Try it —
With the pictures left out, write out exactly the lines of the listing below that run from the line with "1615 Pleasant View" through the line with "3330 E 8th Street".

Data shown —
——————

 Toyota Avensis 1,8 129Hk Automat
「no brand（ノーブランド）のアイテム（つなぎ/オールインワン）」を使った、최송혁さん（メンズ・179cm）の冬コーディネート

——————

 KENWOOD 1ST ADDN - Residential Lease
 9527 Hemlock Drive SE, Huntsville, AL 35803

——————

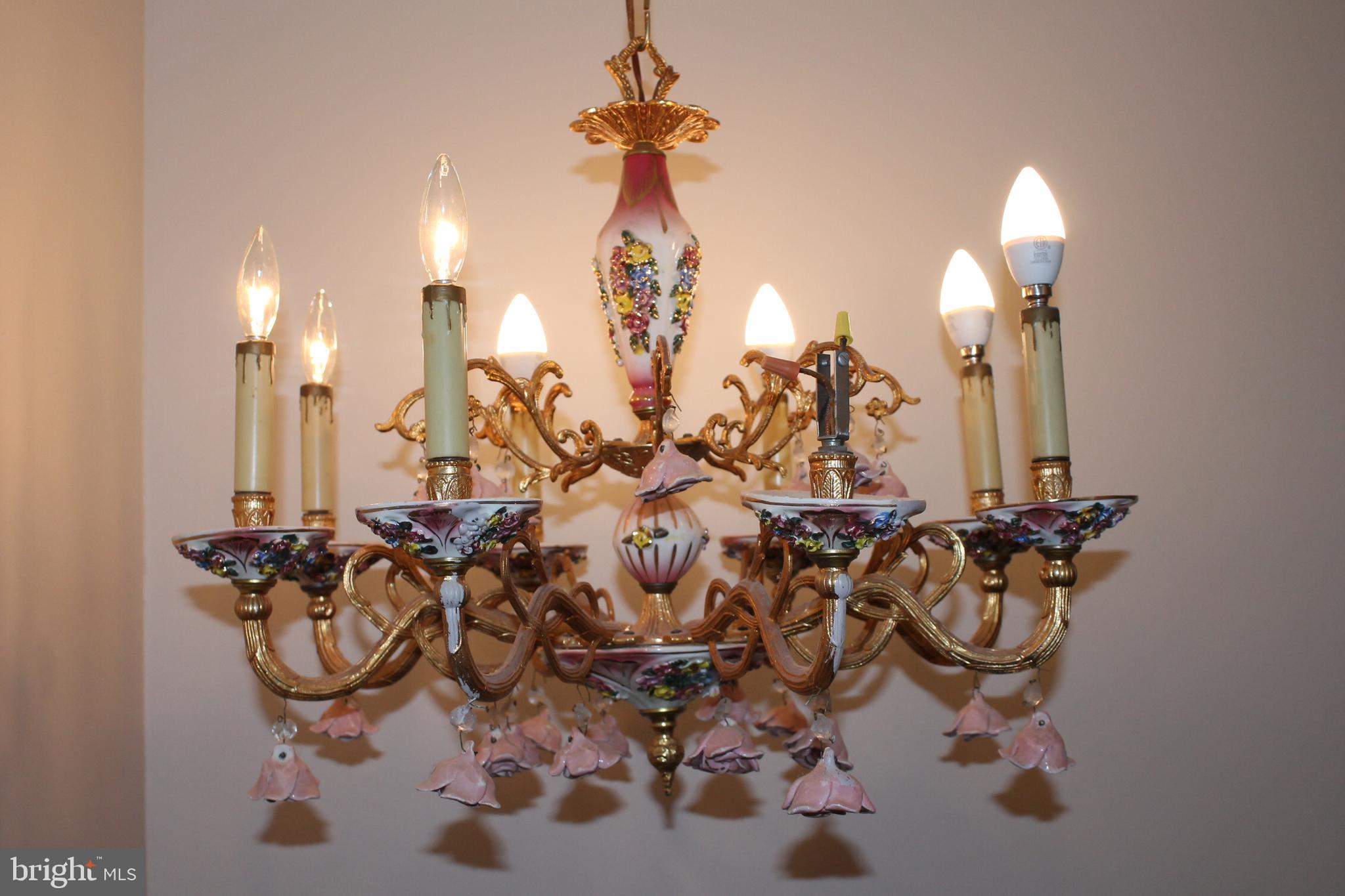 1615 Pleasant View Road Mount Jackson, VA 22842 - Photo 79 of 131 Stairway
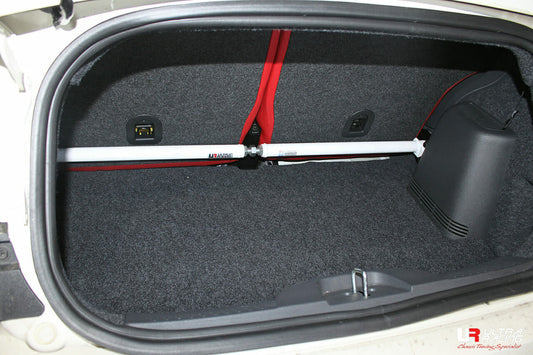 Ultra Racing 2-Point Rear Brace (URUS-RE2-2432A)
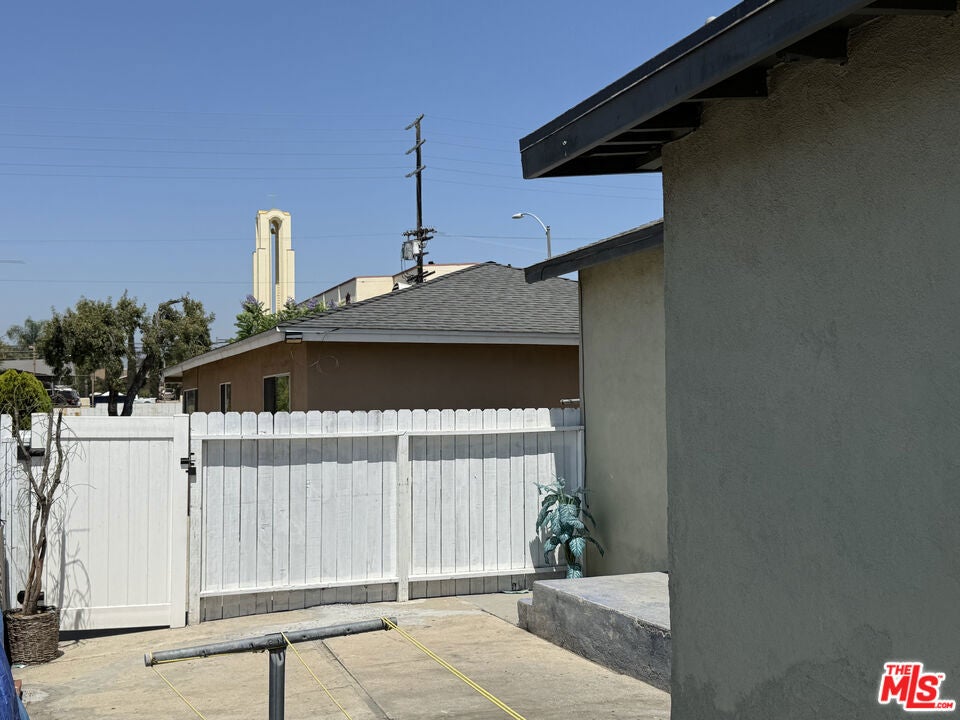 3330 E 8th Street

——————

Task answer —
 1615 Pleasant View Road Mount Jackson, VA 22842 - Photo 79 of 131 Stairway
 Ultra Racing 2-Point Rear Brace (URUS-RE2-2432A)
 3330 E 8th Street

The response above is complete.